== EXERCISE DETAILS ==
Exclude the pictures and reproduce exactly the lines that run from the one holding "VAULTER screenshot 2" to the end of the entries below.

------ EXTRACTED INFORMATION ------

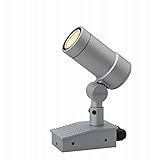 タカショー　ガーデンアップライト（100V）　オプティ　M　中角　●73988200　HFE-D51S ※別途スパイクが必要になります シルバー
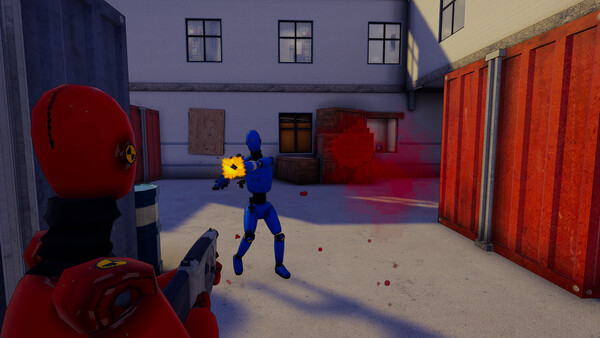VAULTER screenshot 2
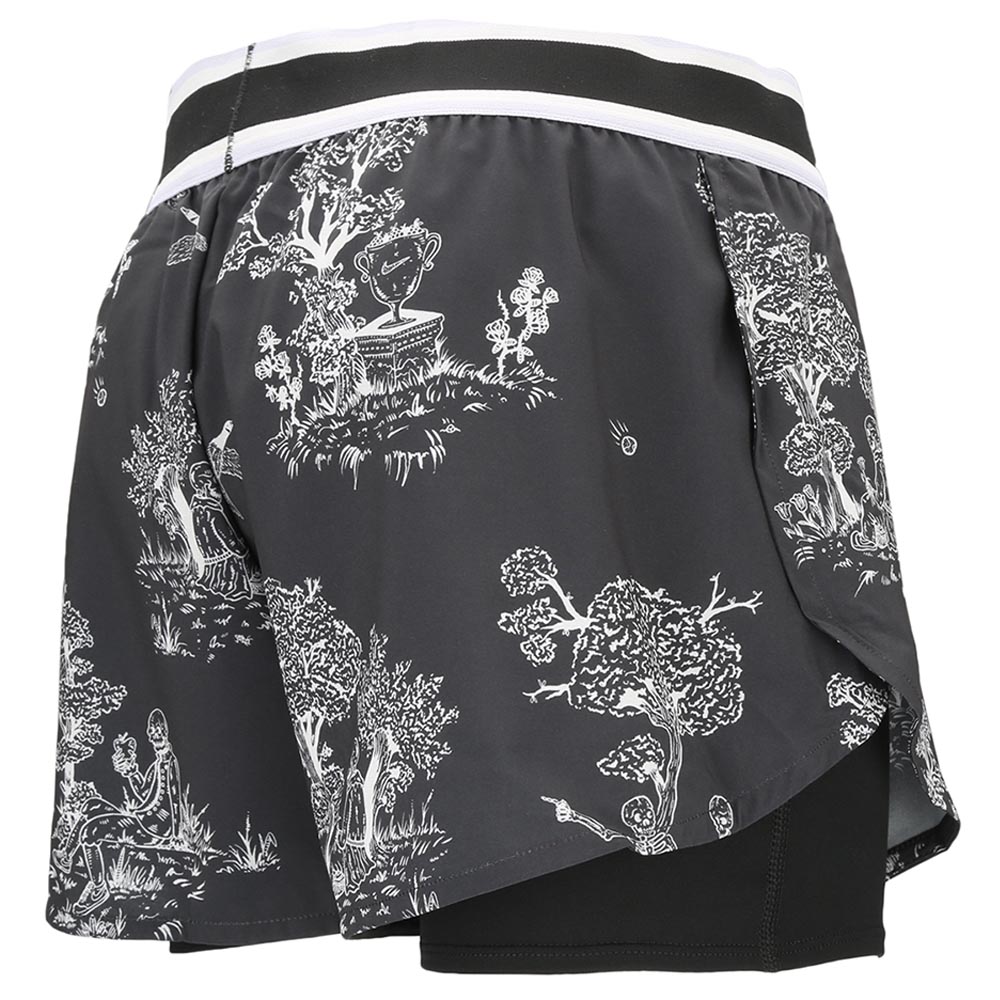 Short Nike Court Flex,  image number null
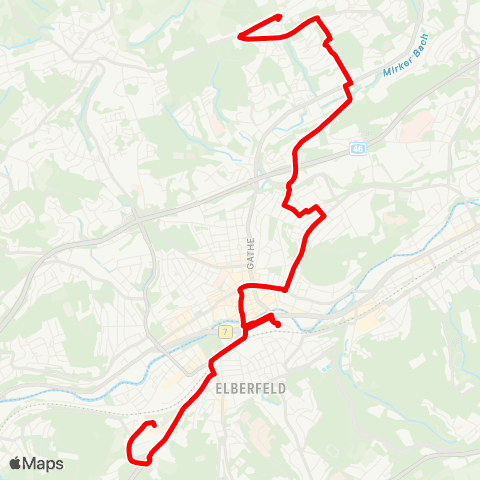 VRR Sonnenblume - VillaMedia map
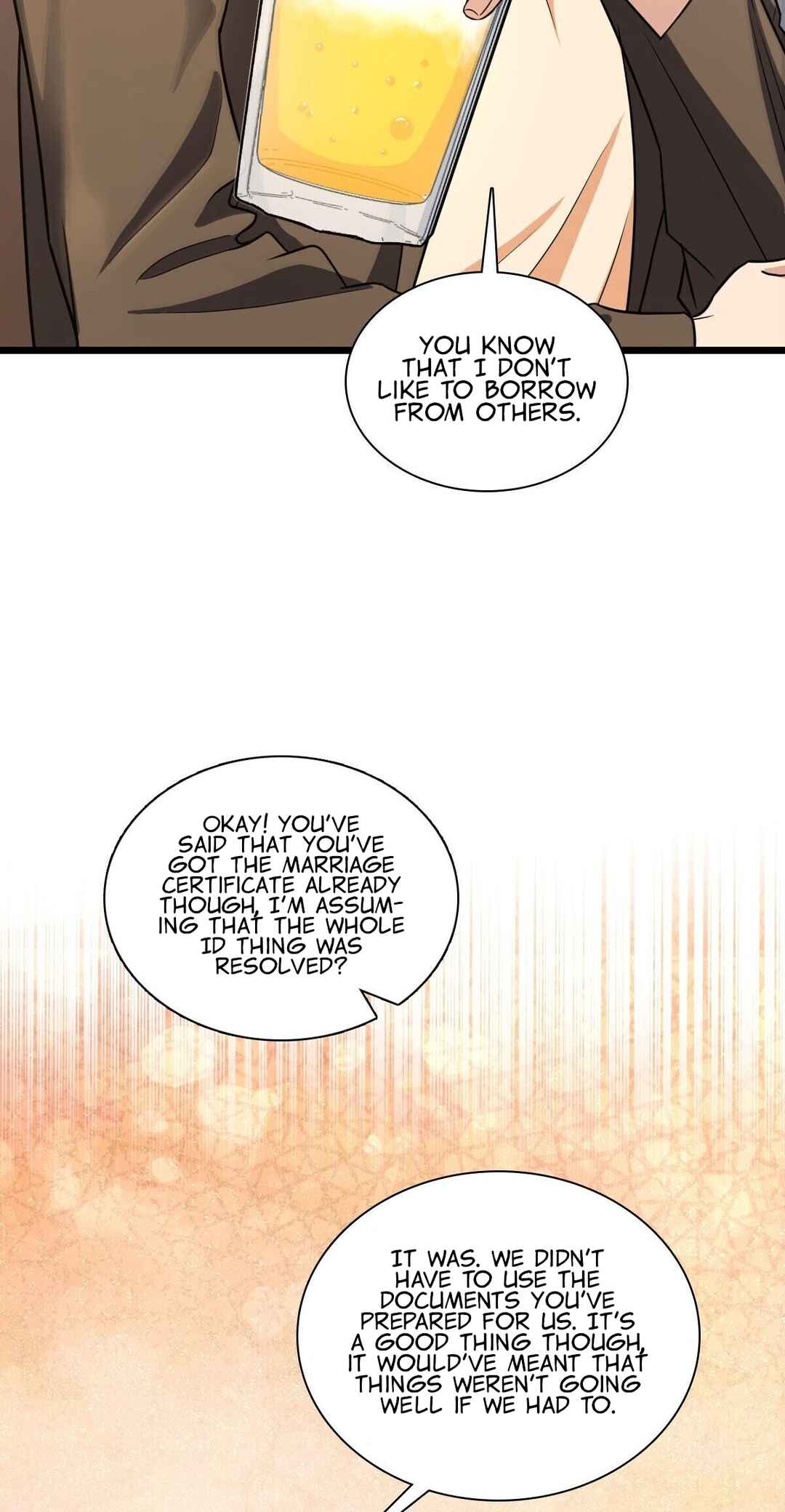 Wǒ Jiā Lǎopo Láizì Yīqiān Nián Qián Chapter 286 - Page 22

------

== RESPONSE ==
VAULTER screenshot 2
 Short Nike Court Flex,  image number null
 VRR Sonnenblume - VillaMedia map
 Wǒ Jiā Lǎopo Láizì Yīqiān Nián Qián Chapter 286 - Page 22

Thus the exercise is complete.